- **Given records**:
━━━━━━━━━━━━━━━━
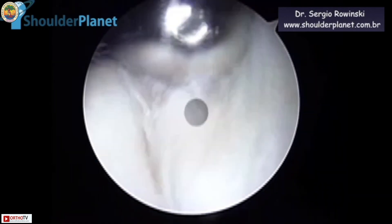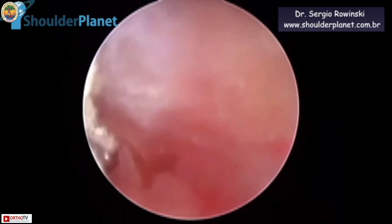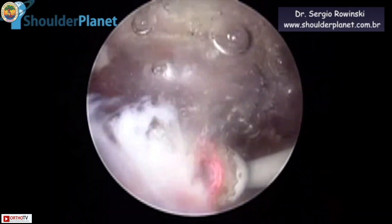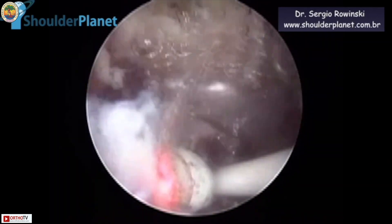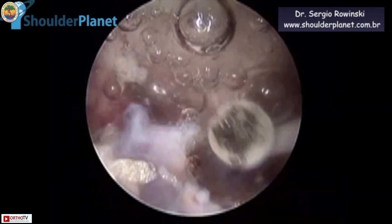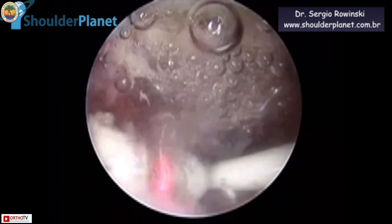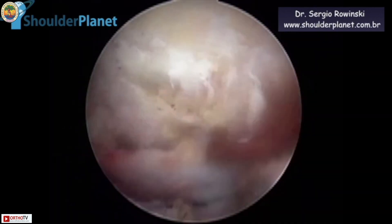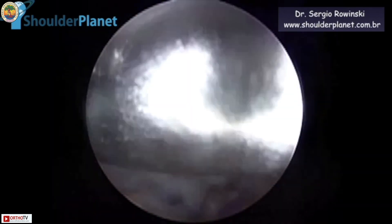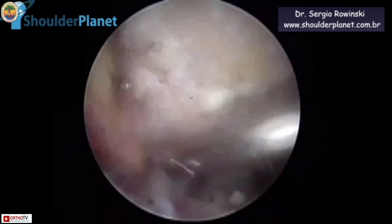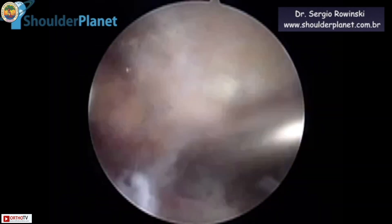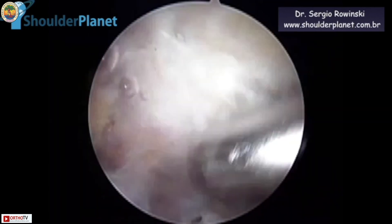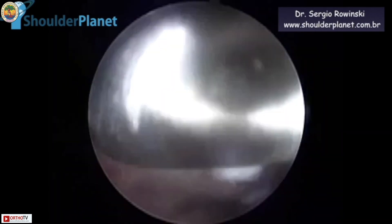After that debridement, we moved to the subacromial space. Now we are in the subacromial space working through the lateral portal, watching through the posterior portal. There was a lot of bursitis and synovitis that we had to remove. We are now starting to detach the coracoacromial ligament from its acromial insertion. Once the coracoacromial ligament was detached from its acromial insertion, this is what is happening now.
━━━━━━━━━━━━━━━━
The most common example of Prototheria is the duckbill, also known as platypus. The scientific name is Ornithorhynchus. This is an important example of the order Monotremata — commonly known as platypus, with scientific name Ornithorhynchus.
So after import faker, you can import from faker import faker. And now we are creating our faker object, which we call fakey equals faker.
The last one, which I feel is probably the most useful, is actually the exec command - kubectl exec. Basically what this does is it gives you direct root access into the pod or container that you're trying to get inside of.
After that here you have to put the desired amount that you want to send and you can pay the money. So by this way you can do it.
━━━━━━━━━━━━━━━━
Only one stretch of the entries above is wanted: the lines from the one containing "The last one, which" through the one containing "After that here". Please reproduce it exactly.

- **Completed exercise**:
The last one, which I feel is probably the most useful, is actually the exec command - kubectl exec. Basically what this does is it gives you direct root access into the pod or container that you're trying to get inside of.
After that here you have to put the desired amount that you want to send and you can pay the money. So by this way you can do it.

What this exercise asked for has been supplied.